La transizione come spesa pubblica

Per questo la domanda diventa una: i governi possono permettersi questo tipo di transizione? L’Inflation Reduction Act degli Stati Uniti ha impegnato 391 trilioni di dollari in un decennio. Rispettare questi impegni in un contesto di spazio fiscale limitato e di preoccupazioni sulla sostenibilità del debito pubblico sarà impegnativo. E il 2024, non dimentichiamo, è l’anno delle presidenziali Usa con la probabile sfida tra Trump e Biden.  Da chi la spunterà dipenderà la capacità (e le ambizioni) di riduzione delle emissioni degli Stati Uniti.
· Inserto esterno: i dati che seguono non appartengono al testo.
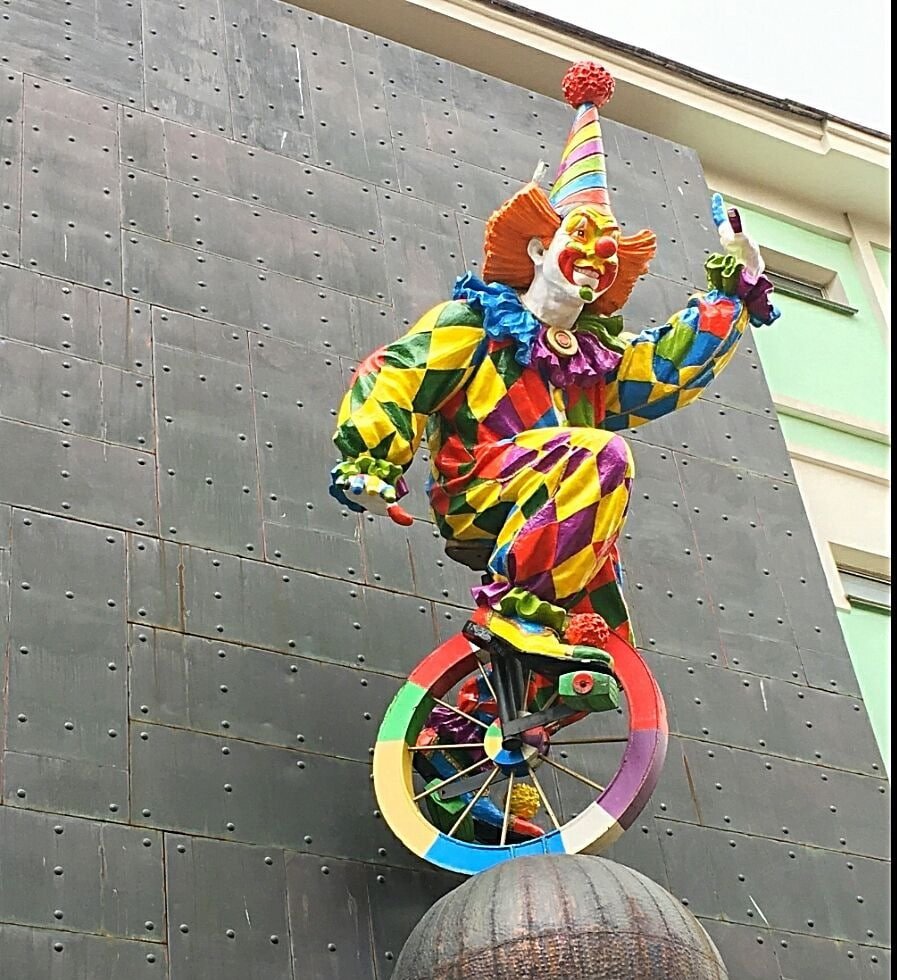 Лошадь клоун скульптура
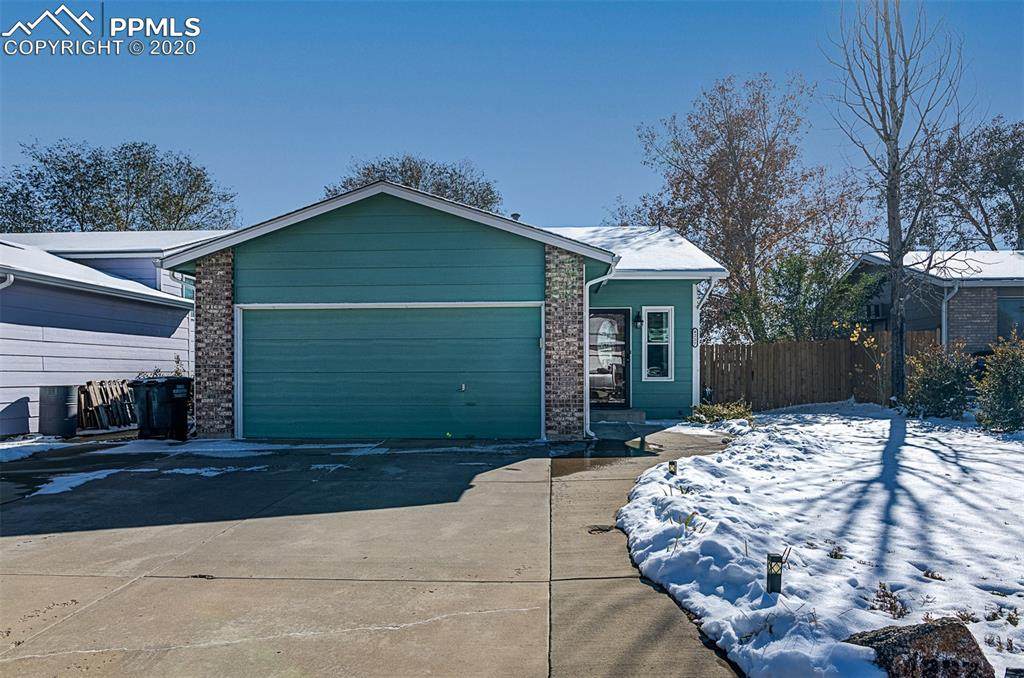 4227 Dooley Way - Photo 1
La preoccupazione per la crisi climatica non dovrebbe essere un tema polarizzante ma negli Usa – e non solo – lo è. Lo scorso anno solo il 22% degli americani che si reputano di destra considerava il cambiamento climatico una grave minaccia. Il divario fra destra e sinistra è molto più ampio di quanto non sia in altri Paesi. Un esempio è il caso dei Repubblicani del Texas, che cercano attivamente di mettere i bastoni fra le ruote alla forte crescita che il settore delle energie rinnovabili sta avendo nel loro stesso Stato.